◆ Task objective
Report every line of the records below that contains the word "Imagem".

◆ Data shown
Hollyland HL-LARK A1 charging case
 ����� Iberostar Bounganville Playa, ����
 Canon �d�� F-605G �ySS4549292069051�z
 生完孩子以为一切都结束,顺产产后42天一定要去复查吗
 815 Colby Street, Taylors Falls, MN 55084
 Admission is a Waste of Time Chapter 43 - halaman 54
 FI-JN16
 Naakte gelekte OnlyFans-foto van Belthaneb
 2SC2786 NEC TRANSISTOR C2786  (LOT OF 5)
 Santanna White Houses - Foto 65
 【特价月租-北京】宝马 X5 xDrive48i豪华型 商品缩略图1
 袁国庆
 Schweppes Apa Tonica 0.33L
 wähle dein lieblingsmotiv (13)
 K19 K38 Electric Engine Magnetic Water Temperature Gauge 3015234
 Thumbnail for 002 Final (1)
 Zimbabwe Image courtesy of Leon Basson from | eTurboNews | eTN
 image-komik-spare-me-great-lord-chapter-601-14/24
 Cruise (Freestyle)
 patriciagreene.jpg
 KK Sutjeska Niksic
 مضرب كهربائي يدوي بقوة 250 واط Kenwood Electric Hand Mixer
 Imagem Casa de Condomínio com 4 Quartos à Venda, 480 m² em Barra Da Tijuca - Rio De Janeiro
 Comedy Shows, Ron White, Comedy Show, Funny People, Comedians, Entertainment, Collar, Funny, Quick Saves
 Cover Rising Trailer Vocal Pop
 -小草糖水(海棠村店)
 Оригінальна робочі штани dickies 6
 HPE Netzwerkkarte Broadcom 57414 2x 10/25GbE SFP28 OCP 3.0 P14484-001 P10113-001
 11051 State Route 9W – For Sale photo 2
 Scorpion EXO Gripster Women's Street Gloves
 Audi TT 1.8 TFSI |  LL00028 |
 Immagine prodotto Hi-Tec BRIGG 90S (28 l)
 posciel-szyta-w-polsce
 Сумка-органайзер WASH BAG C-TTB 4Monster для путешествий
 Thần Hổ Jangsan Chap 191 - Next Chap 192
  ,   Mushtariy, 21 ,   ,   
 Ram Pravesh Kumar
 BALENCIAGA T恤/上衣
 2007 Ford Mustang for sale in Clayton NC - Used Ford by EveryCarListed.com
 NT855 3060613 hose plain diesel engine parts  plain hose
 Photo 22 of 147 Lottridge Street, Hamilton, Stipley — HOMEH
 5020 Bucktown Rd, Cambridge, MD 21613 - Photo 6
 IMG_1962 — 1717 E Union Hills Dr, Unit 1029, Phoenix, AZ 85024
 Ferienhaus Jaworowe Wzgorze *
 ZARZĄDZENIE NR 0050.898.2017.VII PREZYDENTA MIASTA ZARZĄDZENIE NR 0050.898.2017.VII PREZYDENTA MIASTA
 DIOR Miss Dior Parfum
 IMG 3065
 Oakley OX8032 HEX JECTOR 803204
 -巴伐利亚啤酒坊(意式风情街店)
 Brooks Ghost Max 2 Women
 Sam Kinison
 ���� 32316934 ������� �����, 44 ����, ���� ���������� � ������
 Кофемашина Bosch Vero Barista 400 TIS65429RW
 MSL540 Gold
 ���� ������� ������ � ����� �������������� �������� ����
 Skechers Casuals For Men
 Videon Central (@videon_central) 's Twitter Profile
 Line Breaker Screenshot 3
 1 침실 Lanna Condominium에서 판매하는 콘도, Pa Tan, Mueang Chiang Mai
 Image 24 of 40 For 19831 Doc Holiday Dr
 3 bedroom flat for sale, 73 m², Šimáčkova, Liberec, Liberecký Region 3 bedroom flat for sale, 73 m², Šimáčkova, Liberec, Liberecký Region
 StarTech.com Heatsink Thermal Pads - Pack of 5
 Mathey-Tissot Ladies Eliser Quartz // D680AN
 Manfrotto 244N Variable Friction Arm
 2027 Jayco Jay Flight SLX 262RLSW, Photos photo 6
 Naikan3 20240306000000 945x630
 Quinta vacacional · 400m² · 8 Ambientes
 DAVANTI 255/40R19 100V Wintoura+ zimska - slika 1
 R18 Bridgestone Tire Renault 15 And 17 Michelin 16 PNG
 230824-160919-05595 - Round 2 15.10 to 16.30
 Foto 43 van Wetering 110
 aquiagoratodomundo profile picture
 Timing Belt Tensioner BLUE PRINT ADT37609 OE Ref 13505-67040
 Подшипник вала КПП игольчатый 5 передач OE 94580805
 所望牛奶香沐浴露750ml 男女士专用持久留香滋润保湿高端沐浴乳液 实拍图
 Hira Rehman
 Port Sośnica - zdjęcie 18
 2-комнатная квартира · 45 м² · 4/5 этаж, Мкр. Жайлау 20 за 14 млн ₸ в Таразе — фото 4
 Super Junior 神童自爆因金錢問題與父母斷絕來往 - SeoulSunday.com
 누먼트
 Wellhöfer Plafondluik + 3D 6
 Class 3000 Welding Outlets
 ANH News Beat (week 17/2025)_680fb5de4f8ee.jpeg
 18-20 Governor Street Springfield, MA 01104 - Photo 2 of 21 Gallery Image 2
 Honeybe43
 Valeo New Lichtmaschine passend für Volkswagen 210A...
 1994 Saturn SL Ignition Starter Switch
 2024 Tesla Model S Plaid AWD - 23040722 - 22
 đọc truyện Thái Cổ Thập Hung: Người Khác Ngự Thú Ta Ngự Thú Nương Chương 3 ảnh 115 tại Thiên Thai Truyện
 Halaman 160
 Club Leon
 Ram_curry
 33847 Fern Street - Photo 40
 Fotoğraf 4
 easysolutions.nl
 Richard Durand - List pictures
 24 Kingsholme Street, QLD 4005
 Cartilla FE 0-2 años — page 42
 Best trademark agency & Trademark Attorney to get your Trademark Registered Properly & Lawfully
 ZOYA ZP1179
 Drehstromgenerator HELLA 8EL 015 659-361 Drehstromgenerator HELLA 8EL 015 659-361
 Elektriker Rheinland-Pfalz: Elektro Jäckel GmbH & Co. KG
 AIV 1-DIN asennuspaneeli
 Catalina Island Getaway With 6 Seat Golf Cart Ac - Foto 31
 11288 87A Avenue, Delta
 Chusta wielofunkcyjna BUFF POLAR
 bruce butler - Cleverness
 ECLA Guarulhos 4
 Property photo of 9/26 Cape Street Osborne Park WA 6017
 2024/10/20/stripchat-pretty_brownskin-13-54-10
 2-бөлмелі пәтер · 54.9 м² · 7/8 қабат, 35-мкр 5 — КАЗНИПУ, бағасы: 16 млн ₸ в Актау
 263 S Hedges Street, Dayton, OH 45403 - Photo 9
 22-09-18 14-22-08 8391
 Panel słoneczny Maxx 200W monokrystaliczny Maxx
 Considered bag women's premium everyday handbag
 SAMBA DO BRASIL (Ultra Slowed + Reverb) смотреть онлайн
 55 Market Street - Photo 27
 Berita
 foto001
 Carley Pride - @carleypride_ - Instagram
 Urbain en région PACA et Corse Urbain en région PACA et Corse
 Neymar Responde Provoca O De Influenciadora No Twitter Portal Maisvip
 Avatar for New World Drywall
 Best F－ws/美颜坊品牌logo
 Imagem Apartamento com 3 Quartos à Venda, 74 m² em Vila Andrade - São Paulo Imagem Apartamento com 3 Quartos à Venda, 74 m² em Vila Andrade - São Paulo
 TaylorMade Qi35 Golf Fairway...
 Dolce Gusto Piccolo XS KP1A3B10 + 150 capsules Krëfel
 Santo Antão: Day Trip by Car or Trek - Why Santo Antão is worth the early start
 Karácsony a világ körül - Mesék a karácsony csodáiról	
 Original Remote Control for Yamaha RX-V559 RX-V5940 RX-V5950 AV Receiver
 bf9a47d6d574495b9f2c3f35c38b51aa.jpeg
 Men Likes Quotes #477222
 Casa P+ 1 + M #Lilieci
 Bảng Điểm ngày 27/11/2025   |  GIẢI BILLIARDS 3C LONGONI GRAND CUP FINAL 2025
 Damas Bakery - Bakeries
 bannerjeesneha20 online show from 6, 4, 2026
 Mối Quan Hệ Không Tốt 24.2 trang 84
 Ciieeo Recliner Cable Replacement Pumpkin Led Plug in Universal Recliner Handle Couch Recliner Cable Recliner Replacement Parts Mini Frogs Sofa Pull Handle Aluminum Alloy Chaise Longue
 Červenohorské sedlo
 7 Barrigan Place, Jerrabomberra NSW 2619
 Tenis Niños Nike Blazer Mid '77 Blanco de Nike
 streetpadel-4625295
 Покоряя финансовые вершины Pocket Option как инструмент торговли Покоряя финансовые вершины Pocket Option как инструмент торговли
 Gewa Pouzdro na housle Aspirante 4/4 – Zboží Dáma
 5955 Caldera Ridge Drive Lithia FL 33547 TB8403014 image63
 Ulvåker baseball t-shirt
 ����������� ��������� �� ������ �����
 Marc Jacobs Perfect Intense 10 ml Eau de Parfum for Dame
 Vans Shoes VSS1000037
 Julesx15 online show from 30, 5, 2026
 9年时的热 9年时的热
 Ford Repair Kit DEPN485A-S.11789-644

◆ Written answer
 Imagem Casa de Condomínio com 4 Quartos à Venda, 480 m² em Barra Da Tijuca - Rio De Janeiro
 Imagem Apartamento com 3 Quartos à Venda, 74 m² em Vila Andrade - São Paulo Imagem Apartamento com 3 Quartos à Venda, 74 m² em Vila Andrade - São Paulo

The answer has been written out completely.